LRG binds to the TGFβ accessory receptor endoglin, and in the presence of TGFβ1 this leads to the induction of the TβRII-ALK1-Smad1/5/8 signaling pathway. TGFβ1 therefore promotes binding of LRG to the proangiogenic ALK1 but inhibits the interaction with angiostatic ALK5. Induced signaling leads to endothelial cell proliferation and blood vessel outgrowth.

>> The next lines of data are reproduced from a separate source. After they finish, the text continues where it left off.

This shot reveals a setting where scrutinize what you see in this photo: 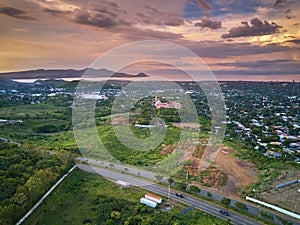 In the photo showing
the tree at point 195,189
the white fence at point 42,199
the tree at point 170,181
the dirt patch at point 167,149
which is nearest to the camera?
the white fence at point 42,199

Like many other family members of the leucine-rich repeat (LRR) family, LRG has multiple binding partners. LRG directly interacts with the mitochondrial electron transfer protein cytochrome c, whereas the physiological relevance of this interaction is not yet known. LRG further binds to TGFβ1, the most frequently expressed TGFβ isoform.

The tissue distribution of LRG varies, with high-level expression in the liver, lower expression in the heart, and minimal expression in spleen and lung. LRG is expressed during hematopoiesis. It plays a role in the innate immune system as it is upregulated during neutrophil differentiation; LRG is packed into peroxidase-negative granules of human neutrophils and then secreted upon activation to modulate the microenvironment. Differential expression of LRG is further associated with certain carcinomas, neurodegenerative disease, aging or autoimmune disease. In addition, studies have demonstrated an association between cardiac remodeling (hypertrophy, fibrosis, abnormal vasculature, heart failure) and reduced expression of LRG.

LRG is involved in cell proliferation and immune response, in cell migration, neovascularization and apoptosis. It is a proangiogenic factor which is involved in the regulation of the TGFβ signaling pathway. Up-regulation of LRG is described in response to acute phase response in hepatocytes.

LRG is potentially a biomarker for a variety of diseases e.g. as inflammatory biomarker for autoimmune diseases such as rheumatoid arthritis and inflammatory bowel disease. Numerous groups have shown that LRG is increased in various immune-related diseases such as psoriasis, juvenile idiopathic arthritis, Kawasaki disease, appendicitis, and cancers, indicating that LRG elevation is not only limited to autoimmune diseases. In addition, LRG may serve as a biomarker for several other disease conditions such as heart failure, and diabetes-related complications. Plasma Leucine-Rich α-2-Glycoprotein has also been demonstrated to predict cardiovascular disease risk in end-stage renal disease. Leucine-rich α-2-glycoprotein is highly expressed in the brain and it is possible to distinguish idiopathic normal pressure hydrocephalus (iNPH) from other neurodegenerative diseases such as Alzheimer disease by measuring LRG in cerebrospinal fluid.